The appellant went into a house in Race Street. He emerged with a bag containing 297 green pills weighing 100 g. None of the pills contained prohibited drugs. The appellant said to Cassie 'So they're in here now … the green ones. That's what he had. Do you want to open them?'. The appellant asked if they were meant to be dark green and said he would happily give them back. Cassie said she would go and get the cash. At that stage police officers, who had been covertly observing events, moved in.
The appellant was arrested and taken to Cannington Police Station. He did not participate in a formal record of interview. However, at trial Detective Blake Henry gave viva voce evidence of a conversation he had with the appellant in the lockup area where the processing of prisoners occurred. There was common ground between the appellant and Detective Henry about large parts of the conversation. Other parts were disputed.
According to Detective Henry, the appellant said he had received a phone call from a male who had asked him to get him an amount of ecstasy; people would ring him up, he would ring other people and they would hook up; he did not take money from them, he just connected one person to another; the reason why he and his friend had made the tablets was to make a lot of money; and he had a friend who sold them for a lot more than he did.
The appellant gave evidence at his trial and called a number of witnesses. In broad terms the defence case was as follows. The appellant was a professional boxer who also worked as a personal trainer at a gym whose clientele included bikies and their associates. Pantaleo had contacted the appellant, and others who knew the appellant, seeking to source 500 ecstasy tablets for a customer. The appellant and others decided to play a prank on Pantaleo whereby they would use clay to make fake ecstasy tablets which the appellant would supply to Pantaleo who, believing them to be ecstasy, would sell them to his customer (ts 298 ‑ 299, 501). However, the appellant provided the fake tablets directly to Cassie because he thought she was a bikie or connected with bikies and would, having regard to the amount of money she would have to be carrying to pay for 500 ecstasy tablets, have back-up (ts 308 ‑ 310). The appellant testified that he pretended to talk to Cassie like a bikie with knowledge of the drug scene 'lingo' (knowledge which he said he obtained from third parties and television) so as to suggest that his supplier was also to be feared (ts 311, 314).

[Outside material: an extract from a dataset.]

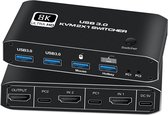 NÖRDIC KVM-112 - 2 naar 1 KVM Switch - USB-C en HDMI 2.1 8K60Hz - HDCP2.3 - HDR10 - met 4XUSB-A uitgang - Zwart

The appellant relies on three grounds of appeal. He contends the trial judge erred (1) by misdirecting the jury on the elements of the offence of offering to sell or supply a drug contrary to s 6(1)(c) of the Act; (2) in failing to explain to the jury a defence available to the appellant, being sudden or extraordinary emergency under s 25 of the Criminal Code (WA) (the Code); and (3) in failing to exclude evidence of admissions made by the appellant in his conversation with Detective Henry.
Leave to appeal was granted on grounds 1 and 3. The application for leave to appeal on ground 2 was referred to the hearing of the appeal.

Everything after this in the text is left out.